Crew rest rules. Do you really want an airline to be crewed by people who only had 3 hours of sleep in the last 24 hours?
Again, the appears to be a last minute problem. If the crewmembers were regularly scheduled to do that flight then they'd have been boarded previously. The four passengers who deplaned would never have been onboard.
FWIW, when there are no volunteers the airlines usually go to the cheapest tickets and the last to check in. So if you are buying your ticket off Orbitz or Hotwire, make sure you check in an hour or two prior to avoid being deplaned off a crowded flight.
About as much as I would like my doctor to have had 3 hours of sleep in the last 24 hrs. To have the flight the following day covered United could have shuffled their employee rosters. This entire thing was because United did not want to be inconvenienced.
And if they had gone with the cheapest tickets or the last one to check in it would be one thing. For all we know the man in the video paid top price for the section and checked in first.
Nonetheless, crew rest rules are federal law. The next morning's flight would have either been canceled or delayed by several hours. Again, better to inconvenience 4 than 130.

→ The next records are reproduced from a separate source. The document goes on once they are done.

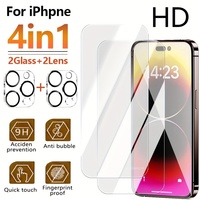 2+2pcs HD Tempered Glass and Lens Protector for iPhone 16 15 14 Anti-Scratch HD Film for iPhone 16e 14 15 Pro Screen Protector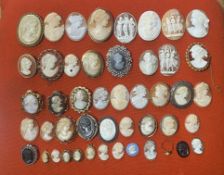 Antique 48 cameos including silver mounted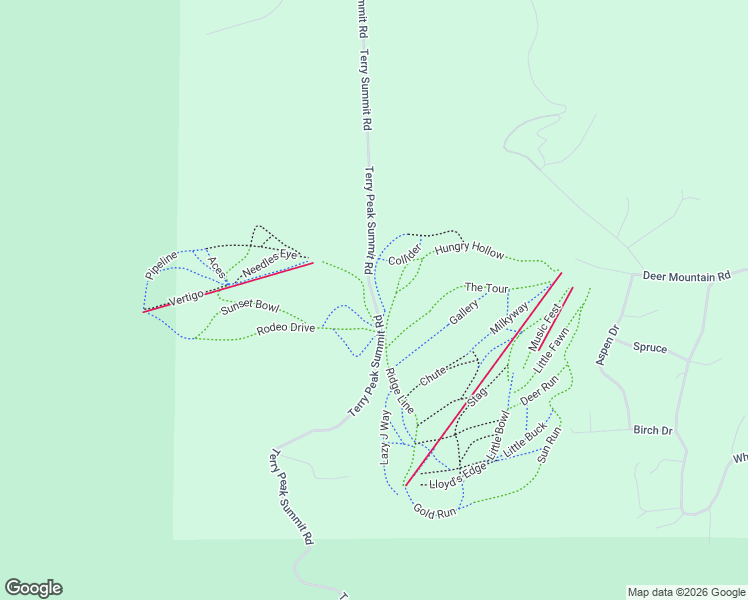 map of restaurants, bars, coffee shops, grocery stores, and more near Terry Summit Road in Lead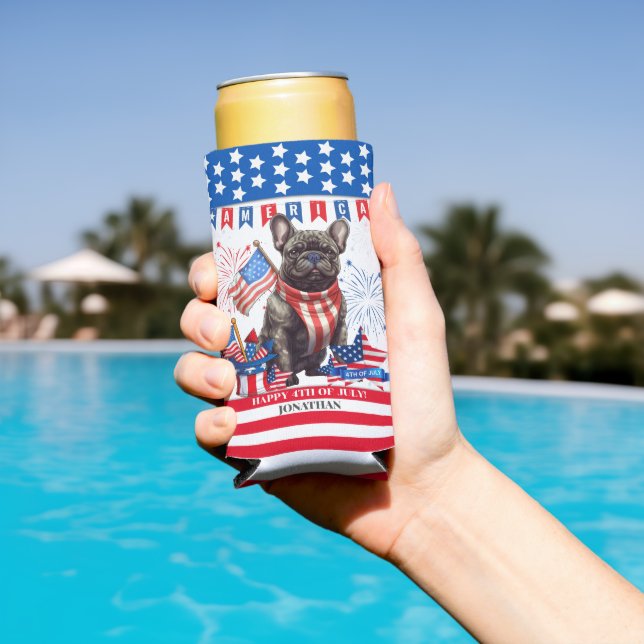 French Bulldog Happy 4Th Of July America Patriotic Seltzer Can Cooler (In Situ Pool)
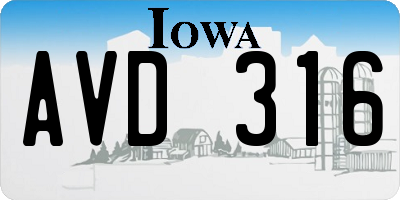 IA license plate AVD316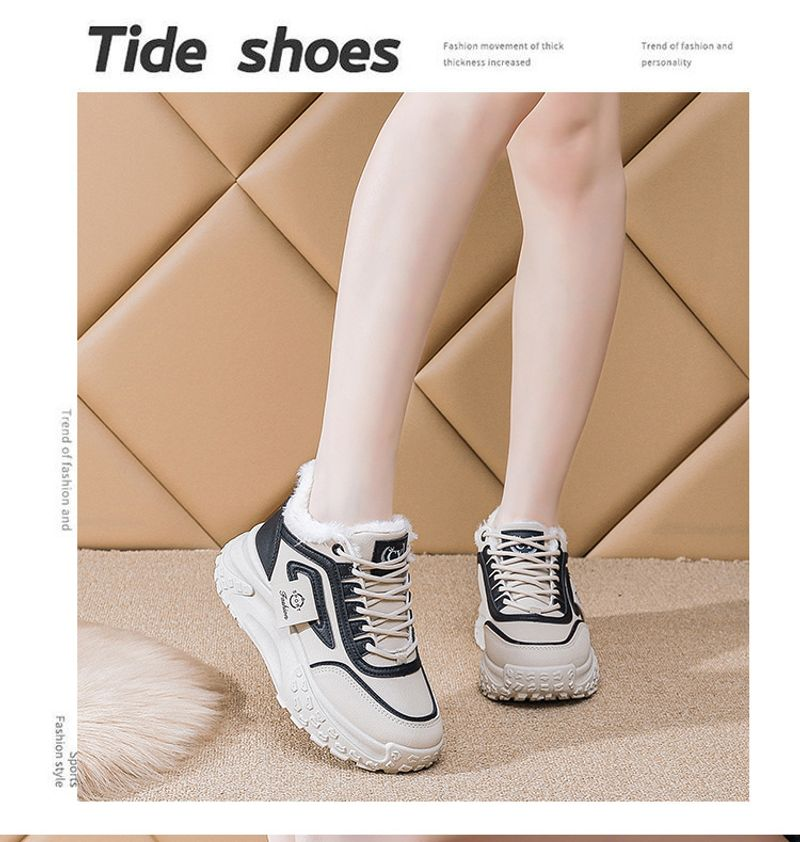 Nuova versione coreana del 2024 con scarpe sportive alte in cotone ispessito Veet per papà e ragazze da donna_voghion.com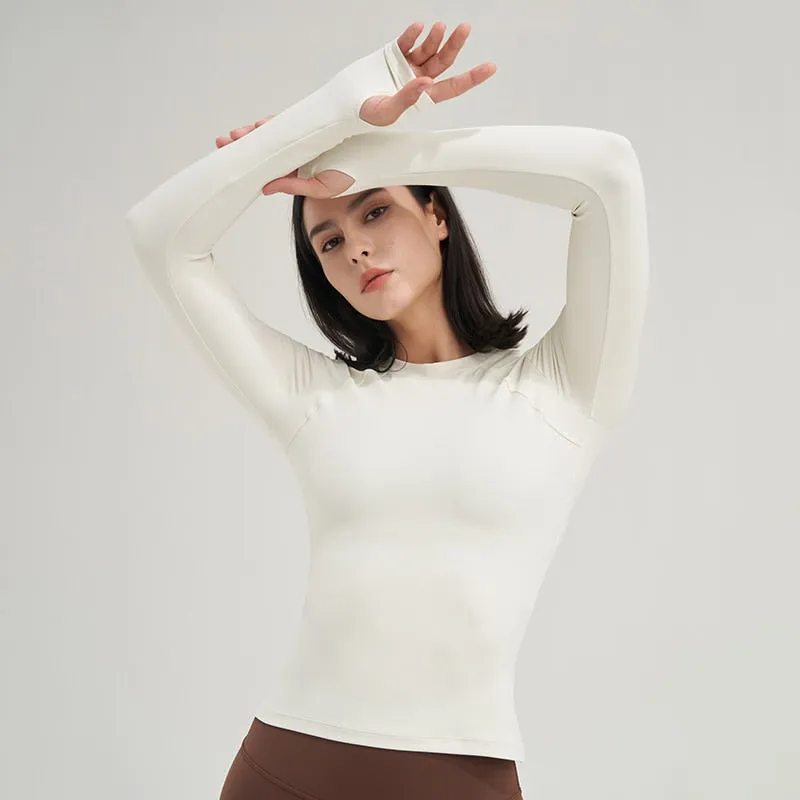 Women's Nylon Breathable Sports Fitness Long Sleeve Yoga Shirt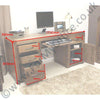 Dimensional image of the Baumhaus Shiro Walnut Twin Pedestal Home Office Desk (CDR06B)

You are free to believe they pulled off that one man because he was Vietnamese, but the reality is that it's based on lowest ticket price and check-in time. This will come out in court if the airline presses charges against the passenger
if he sues the airline. Again, the airline's PR department would prefer this to go away, but if the passenger decides to sue, the airline will literally make a federal case out of it and that doctor will be convicted of violating Federal law.